(Beginning of EXERCISE DATA)
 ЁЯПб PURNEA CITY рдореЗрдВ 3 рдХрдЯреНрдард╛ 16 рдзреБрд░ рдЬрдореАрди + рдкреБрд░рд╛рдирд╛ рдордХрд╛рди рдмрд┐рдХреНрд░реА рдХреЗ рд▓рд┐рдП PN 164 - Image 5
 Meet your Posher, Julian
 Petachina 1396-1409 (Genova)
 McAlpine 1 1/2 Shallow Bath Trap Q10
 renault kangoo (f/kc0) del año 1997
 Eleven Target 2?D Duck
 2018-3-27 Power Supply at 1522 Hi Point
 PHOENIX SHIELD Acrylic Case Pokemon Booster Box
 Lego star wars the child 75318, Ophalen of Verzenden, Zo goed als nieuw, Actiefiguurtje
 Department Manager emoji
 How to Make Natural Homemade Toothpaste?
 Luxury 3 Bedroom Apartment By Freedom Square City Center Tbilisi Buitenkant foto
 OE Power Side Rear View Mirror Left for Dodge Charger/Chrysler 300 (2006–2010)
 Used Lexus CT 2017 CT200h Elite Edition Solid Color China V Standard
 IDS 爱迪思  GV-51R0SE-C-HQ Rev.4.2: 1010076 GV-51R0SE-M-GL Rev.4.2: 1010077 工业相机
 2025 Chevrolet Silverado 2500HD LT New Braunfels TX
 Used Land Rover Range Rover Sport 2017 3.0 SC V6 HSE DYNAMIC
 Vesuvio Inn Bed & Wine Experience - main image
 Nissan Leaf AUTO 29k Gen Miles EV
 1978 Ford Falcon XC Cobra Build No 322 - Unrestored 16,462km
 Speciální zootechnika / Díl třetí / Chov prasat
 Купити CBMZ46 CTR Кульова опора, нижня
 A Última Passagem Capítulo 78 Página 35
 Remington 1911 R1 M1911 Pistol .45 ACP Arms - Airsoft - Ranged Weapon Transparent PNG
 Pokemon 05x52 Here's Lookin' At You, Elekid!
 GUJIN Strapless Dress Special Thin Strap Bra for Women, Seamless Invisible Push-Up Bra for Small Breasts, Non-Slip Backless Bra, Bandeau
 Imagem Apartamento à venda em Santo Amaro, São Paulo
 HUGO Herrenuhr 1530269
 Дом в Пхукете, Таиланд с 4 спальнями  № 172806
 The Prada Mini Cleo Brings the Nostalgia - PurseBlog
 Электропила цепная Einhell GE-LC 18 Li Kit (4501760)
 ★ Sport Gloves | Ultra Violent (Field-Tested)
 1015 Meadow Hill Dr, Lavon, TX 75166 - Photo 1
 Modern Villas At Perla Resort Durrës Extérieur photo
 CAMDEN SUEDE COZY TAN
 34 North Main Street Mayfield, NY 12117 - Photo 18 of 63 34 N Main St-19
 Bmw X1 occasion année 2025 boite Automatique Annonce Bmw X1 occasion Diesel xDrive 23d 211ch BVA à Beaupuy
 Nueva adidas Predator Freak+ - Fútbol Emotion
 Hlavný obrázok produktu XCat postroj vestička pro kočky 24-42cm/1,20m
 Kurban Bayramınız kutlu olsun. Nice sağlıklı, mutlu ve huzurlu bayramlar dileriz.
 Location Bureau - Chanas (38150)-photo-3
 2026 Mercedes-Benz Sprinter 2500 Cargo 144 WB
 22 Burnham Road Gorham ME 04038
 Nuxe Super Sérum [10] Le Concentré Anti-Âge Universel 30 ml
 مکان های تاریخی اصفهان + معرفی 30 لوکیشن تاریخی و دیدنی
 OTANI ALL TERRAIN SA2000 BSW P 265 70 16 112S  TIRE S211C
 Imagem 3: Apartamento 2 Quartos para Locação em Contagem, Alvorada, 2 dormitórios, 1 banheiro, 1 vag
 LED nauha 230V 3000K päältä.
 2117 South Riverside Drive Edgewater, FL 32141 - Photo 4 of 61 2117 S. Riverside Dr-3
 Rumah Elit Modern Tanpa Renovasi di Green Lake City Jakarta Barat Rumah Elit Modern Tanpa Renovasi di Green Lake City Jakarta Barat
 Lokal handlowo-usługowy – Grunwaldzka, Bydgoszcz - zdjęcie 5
(End of EXERCISE DATA)
== THE PROBLEM ==
Every line in the data above that includes the word "Power" should be copied.

== RESPONSE TO THIS EXERCISE ==
 2018-3-27 Power Supply at 1522 Hi Point
 OE Power Side Rear View Mirror Left for Dodge Charger/Chrysler 300 (2006–2010)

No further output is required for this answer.